To the left is my avatar. Note that the URL for this image contains a 32-digit hexadecimal string, 30b3db431ea2a3dbed966d71c98d205c, which Gravatar explains is the MD5 hash of my e-mail address after some trivial normalization.

Gravatar's e-mail address hashing is ostensibly used to prevent spammers from harvesting e-mail addresses. However, while it does obfuscate the user's address, this hashing technique is insufficient to protect the anonymity of the user:

  • A user's e-mail address can be recovered through a preimage attack, and
  • comments made by a single user posting with multiple identities can be matched.
http://www.gravatar.com/avatar/b43000bc3d5bf291287e8f90213ed339?s=48

Obviously, the latter is not much of an issue for users who willingly associate an avatar with their address. However, it is important to note that Gravatar generates a URL even for those who do not opt-in to the service. If no avatar is found, a generic image is returned (right).

Case Study: RPInsider

To demonstrate this technique, I harvested user comments from RPInsider, a blog aimed towards students at Rensselaer Polytechnic Institute. Comments on the blog tend to be anonymous, but RPInsider requires an e-mail address to publish a comment; Gravatar is used to display avatars alongside the comments.

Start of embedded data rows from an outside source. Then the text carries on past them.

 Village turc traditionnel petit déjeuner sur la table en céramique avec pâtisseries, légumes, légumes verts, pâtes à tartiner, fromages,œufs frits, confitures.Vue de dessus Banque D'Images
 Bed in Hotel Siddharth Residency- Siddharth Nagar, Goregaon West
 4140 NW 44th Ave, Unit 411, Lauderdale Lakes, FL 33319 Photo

Here is a sample of anonymous comment authors found on RPInsider:

Author Gravatar Hash
Lindy Hop 2d0a2fd8af2df830d5ffe17904f376f2
HousingWoes 43db340a19ee7a43d881d5cfc9ac1bf3
Shirley Jackson b6986f5e176b44e0d11c54882d445dba
Anonymous f83c0460432e5c60e3fa1a32ead7eb09

All members of the RPI community are given an @rpi.edu e-mail address derived from the owner's name; it is likely that many RPInsider comment authors will use this address. Since the address space of RPI e-mail addresses is relatively small, given a hash it is trivial to perform a brute force search to recover the plaintext.

In all, 673 comments were harvested representing 290 unique hash-username pairs. 98 of these pairs (34%) were successfully associated with an RPI e-mail address. De-anonymization took 7 hours 37 minutes on a 2.83 GHz Intel Xeon CPU.

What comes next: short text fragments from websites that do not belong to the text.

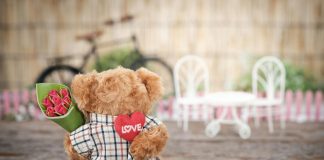 Dia dos Namorados movimenta o varejo com perfumes de sucesso e pelúcias em alta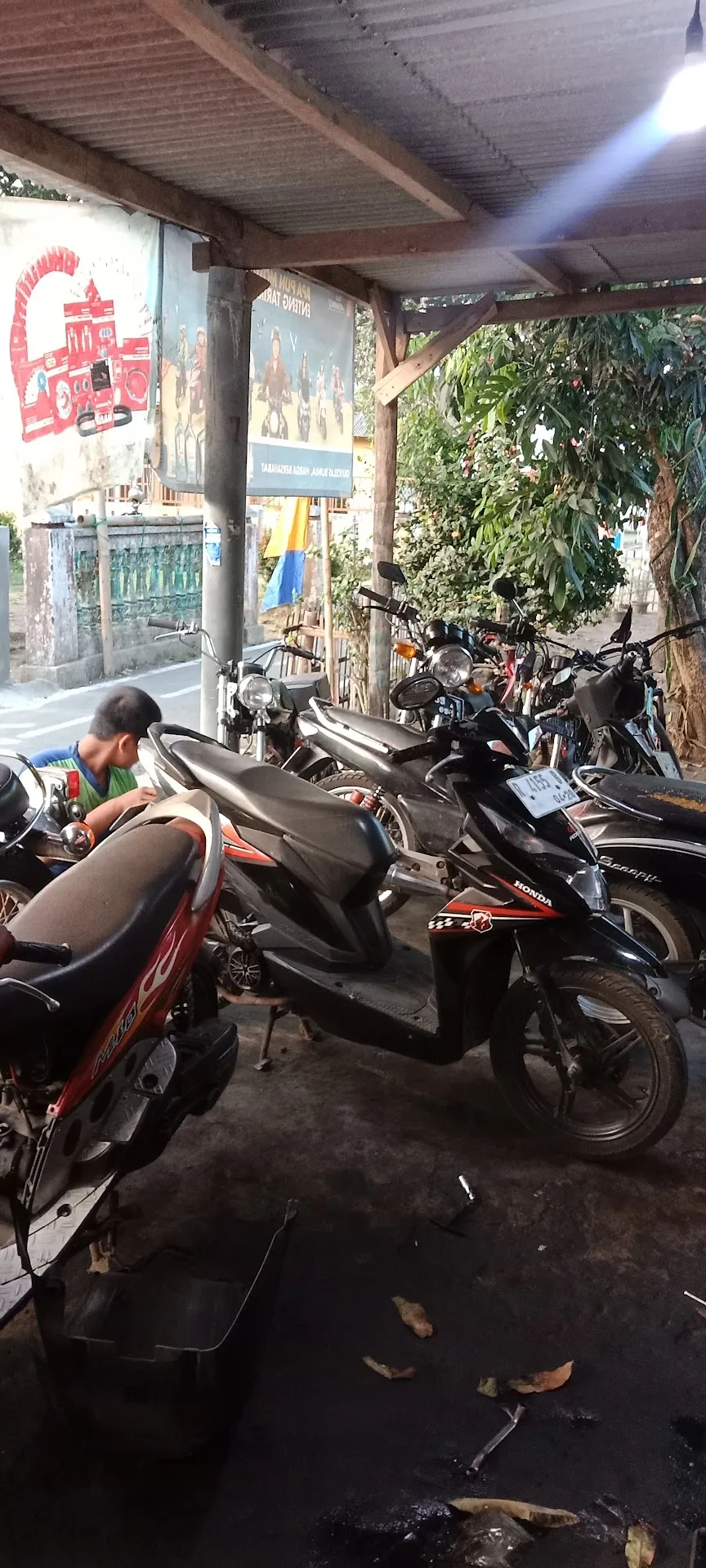 Bengkel Motor Rasino (Eno)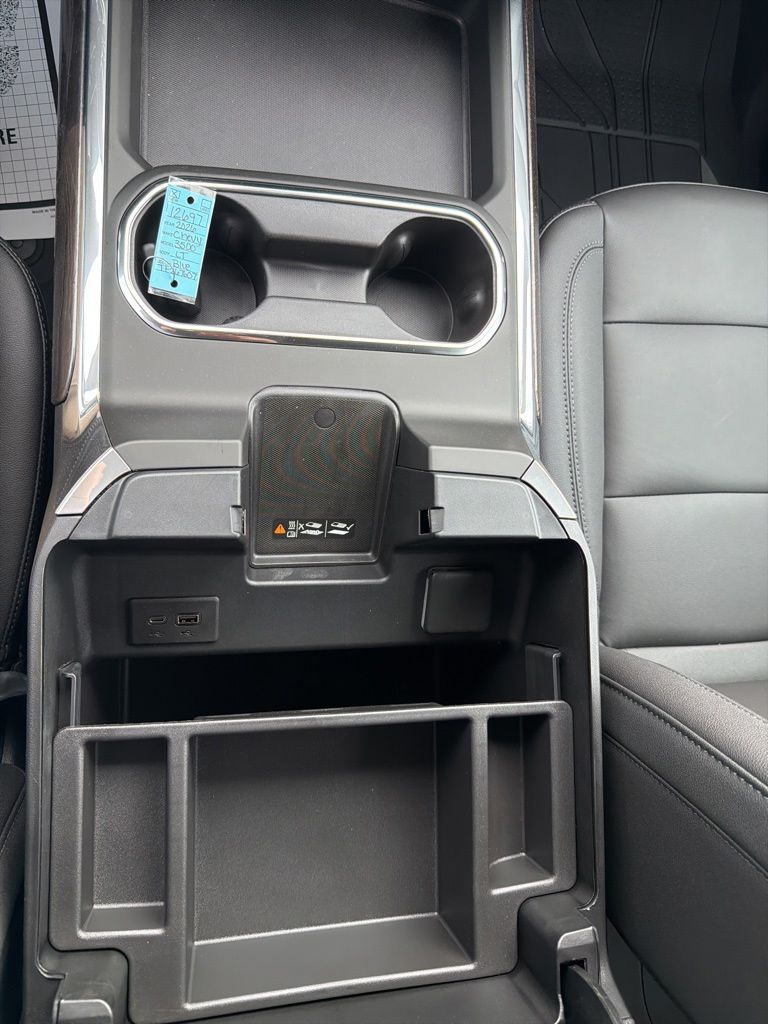 ChevroletSilverado 3500HD15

Author Gravatar Hash E-mail Address
Lindy Hop 2d0a2fd8af2df830d5ffe17904f376f2 d--m@rpi.edu
HousingWoes 43db340a19ee7a43d881d5cfc9ac1bf3 s-----2@rpi.edu
Shirley Jackson b6986f5e176b44e0d11c54882d445dba l-----6@rpi.edu
Anonymous f83c0460432e5c60e3fa1a32ead7eb09 v---r@rpi.edu

Further analysis of the results revealed several users who posted with multiple usernames but used the same e-mail address. In more than one case a user posted with his or her real identity as well as with a pseudonym.

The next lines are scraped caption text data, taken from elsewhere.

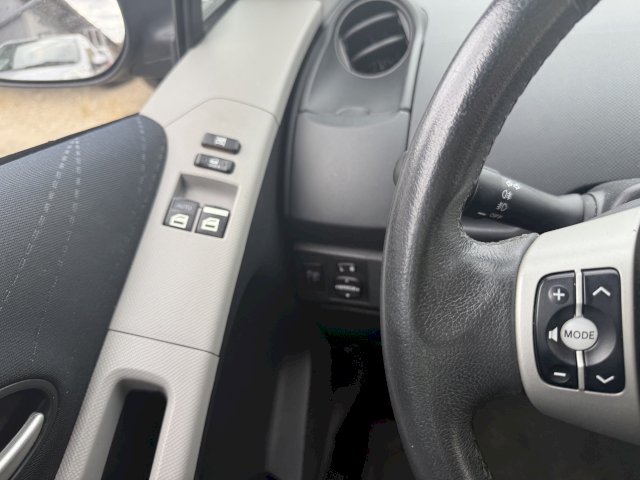 TOYOTA Toyota Yaris II 87 VVT-i Sol 5p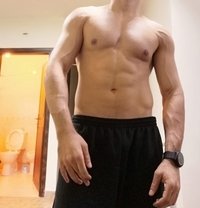 Adam - Male escort in Amman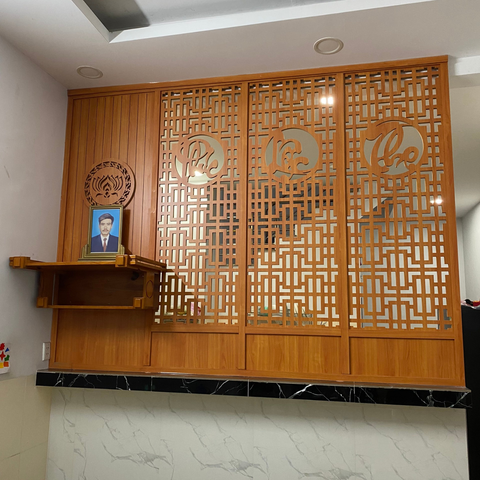 Vách ngăn bàn thờ treo VTT32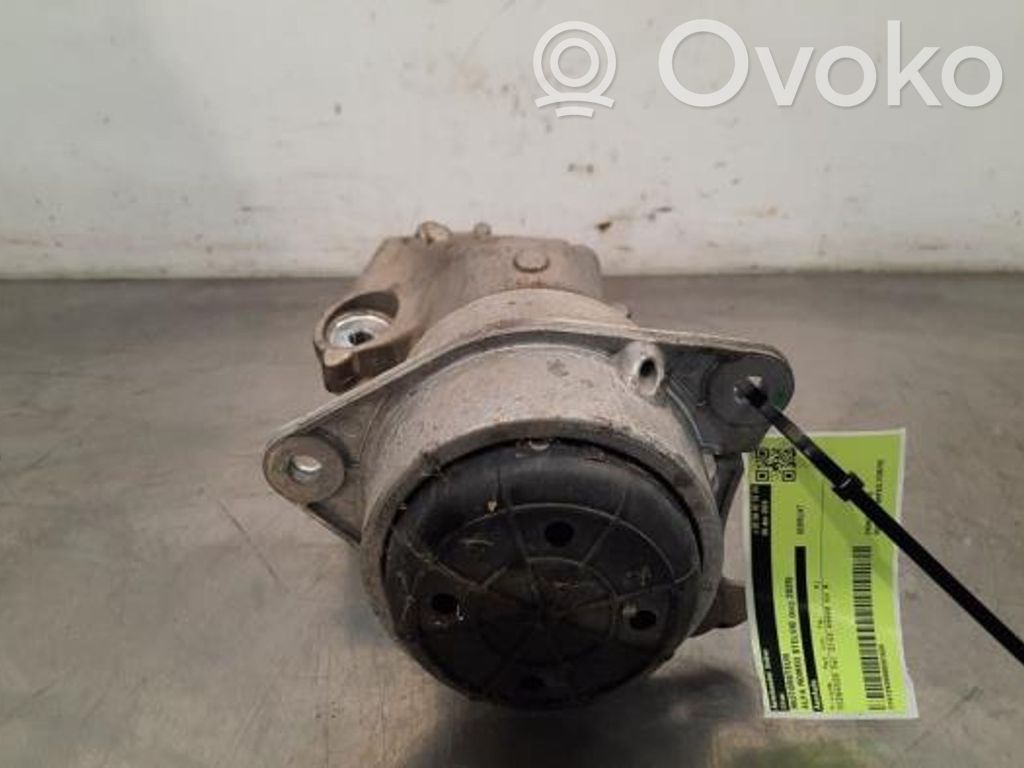 Alfa Romeo Stelvio Wspornik / Mocowanie silnika 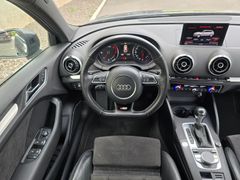 AUDI A3 Sportback 2.0 TDI quattro 3xS-line Sportpaket
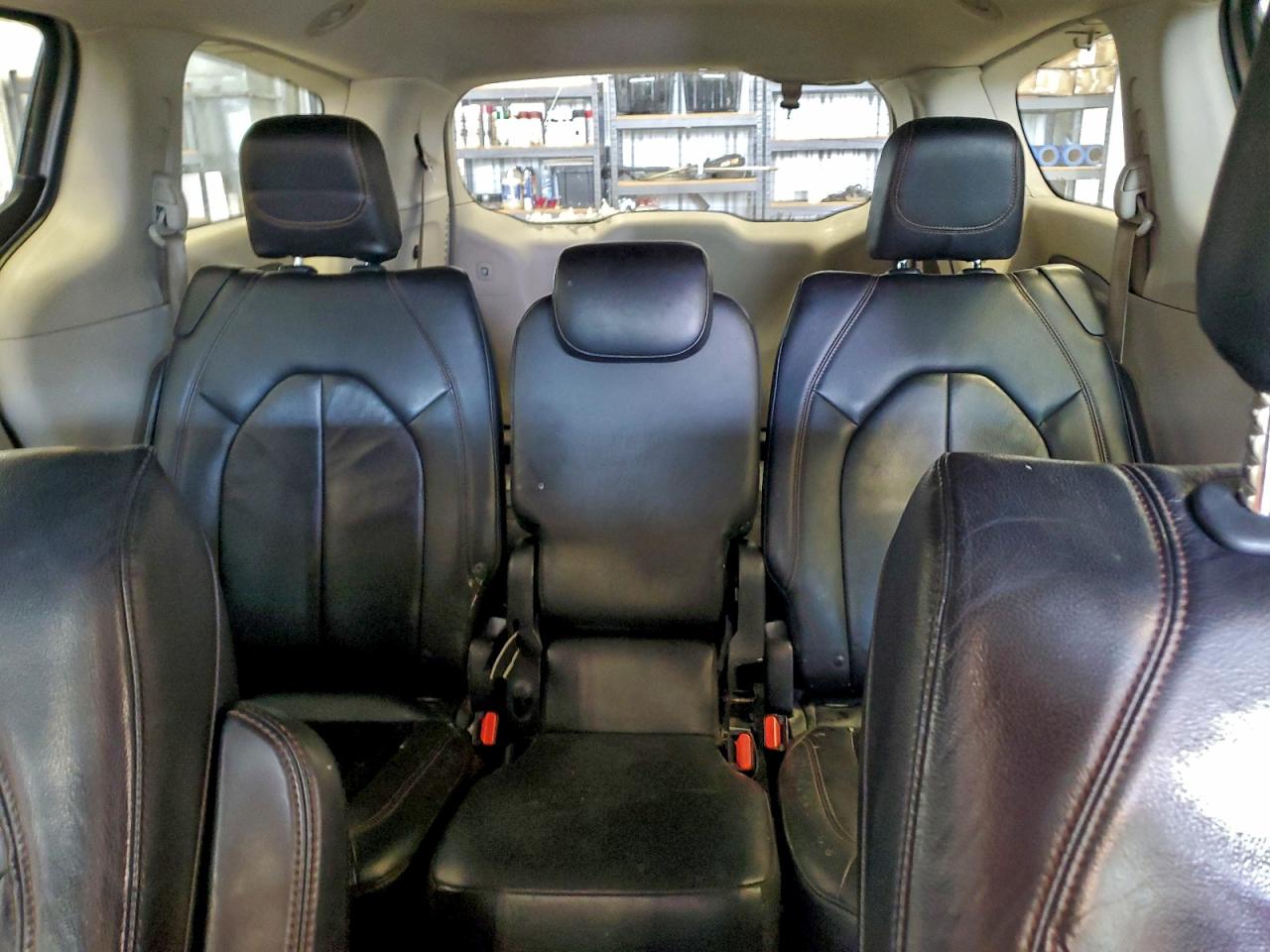 Chrysler Pacifica Touring L Image 7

In addition, correlating the results with the Rensselaer staff directory identified two staff members who posted anonymously.

It should be noted that this preimage attack was made feasible by the fact that RPI e-mail addresses follow a predictable format; the search space is too vast for a generalized attack. That said, e-mail addresses harvested through other means (e.g., web crawling), or an attack targeted at a specific user, could be used instead of brute force.